NextFin News - On December 11, 2025, Ford Motor Company and SK On officially announced the end of their multibillion-dollar joint venture focused on U.S. battery manufacturing. The partnership, originally established to bolster domestic battery production for electric vehicles (EVs), will be dissolved with the two companies agreeing to split the associated factories. SK On’s exit is driven by its strategic decision to reallocate resources toward energy storage systems, a segment gaining momentum beyond automotive applications. Ford acknowledged the development but refrained from additional comments at this time. The joint venture dissolution primarily concerns facilities located in the United States and marks a significant restructuring in Ford's battery supply operations.
This announcement arrives amid a changing landscape in the EV and battery sectors. Initially launched with an estimated $11.4 billion investment, the joint venture was envisioned to secure critical battery supplies while aligning with U.S. President Trump's industrial policy favoring domestic manufacturing and energy technology independence. However, shifting market demand for EVs and batteries, combined with evolving corporate strategies, contributed to the current realignment.
Ford, which commands approximately 13% of the U.S. automotive market and generated about 68% of its 2024 revenue domestically, operates its electric vehicle segment under the Ford Model e division. The split with SK On implicates Ford’s future EV production capabilities, as battery supply is a core bottleneck for mass-market electric vehicles. Conversely, SK On aims to capitalize on broader energy storage growth prospects, including grid-scale storage, which may offer higher margins and diversification beyond the automotive industry.
The decision also reflects a recalibration within the volatile global battery supply chain. Despite increasing EV adoption globally, the U.S. battery market growth projections have tempered recently, influenced by factors such as raw material cost fluctuations, technological transitions toward solid-state batteries, and evolving consumer EV adoption rates. Industry data shows U.S. EV sales growth slowed in 2025 compared to earlier projections, impacting battery demand.
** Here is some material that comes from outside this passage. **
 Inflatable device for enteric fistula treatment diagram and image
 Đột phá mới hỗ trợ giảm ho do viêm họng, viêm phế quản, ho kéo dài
Financially, Ford faces a complex scenario. The company has reported steady revenue growth of over 10% in the past three years but carries relatively high leverage, with a debt-to-equity ratio exceeding 3.4 and an Altman Z-Score indicating financial stress proximity. The dissolution of the joint venture removes a potential layer of supply chain risk but simultaneously forces Ford to seek alternative battery sources, likely affecting capital expenditure priorities and partnerships moving forward.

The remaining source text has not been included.